> _WORK TO BE COMPLETED_
Output a character-exact copy of the data, images removed.

Short web captions:
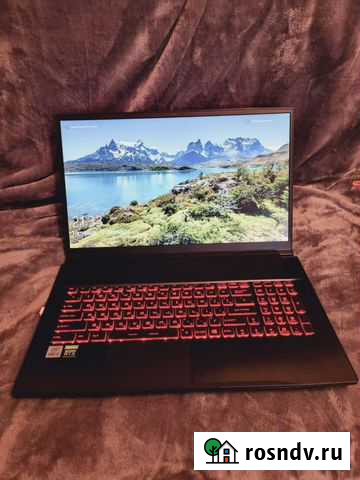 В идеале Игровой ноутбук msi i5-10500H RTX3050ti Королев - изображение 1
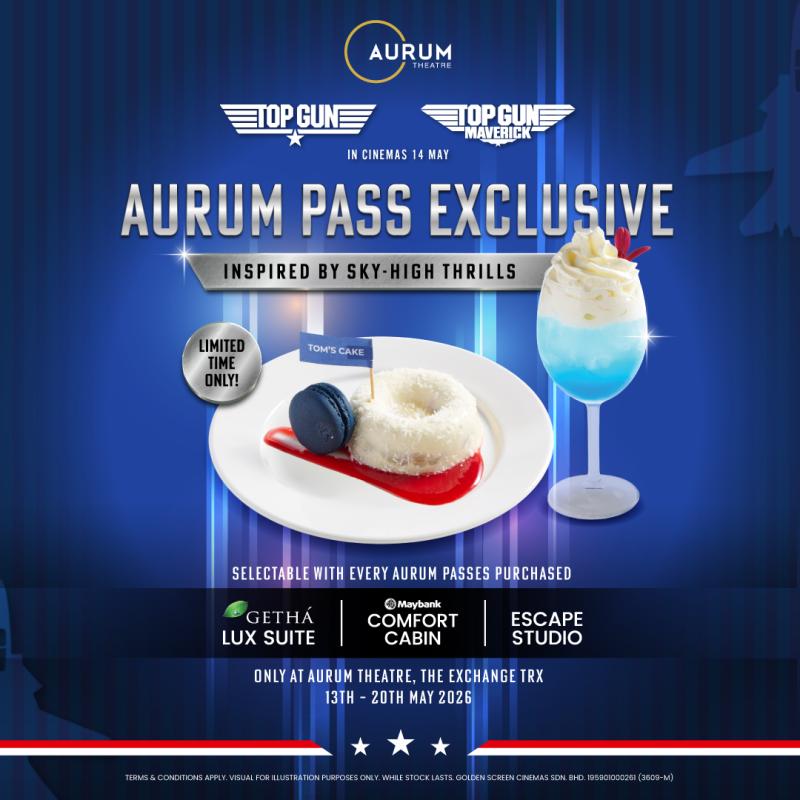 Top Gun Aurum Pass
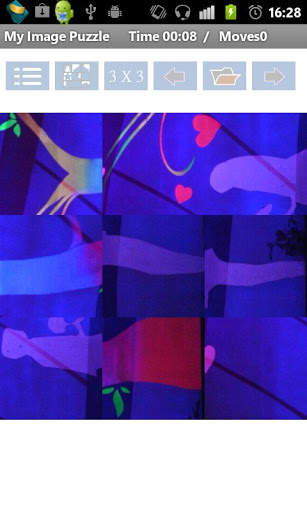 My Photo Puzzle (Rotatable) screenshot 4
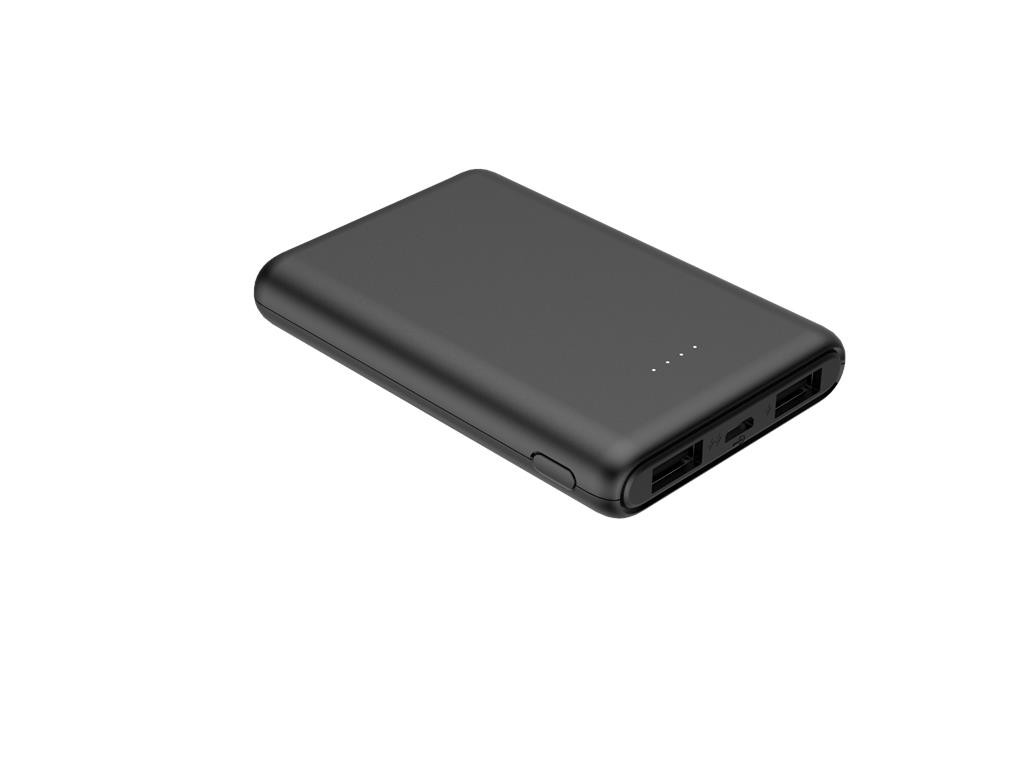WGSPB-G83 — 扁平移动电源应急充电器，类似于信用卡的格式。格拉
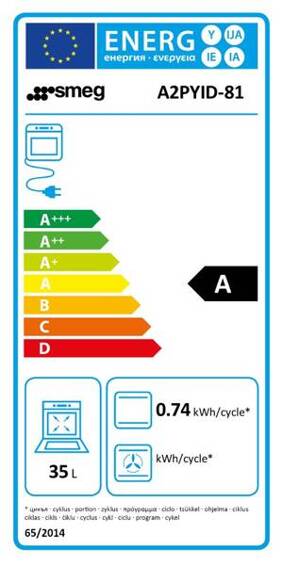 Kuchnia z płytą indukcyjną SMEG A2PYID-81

> _ANSWER FOR THE TASK_
 В идеале Игровой ноутбук msi i5-10500H RTX3050ti Королев - изображение 1
 Top Gun Aurum Pass
 My Photo Puzzle (Rotatable) screenshot 4
WGSPB-G83 — 扁平移动电源应急充电器，类似于信用卡的格式。格拉
 Kuchnia z płytą indukcyjną SMEG A2PYID-81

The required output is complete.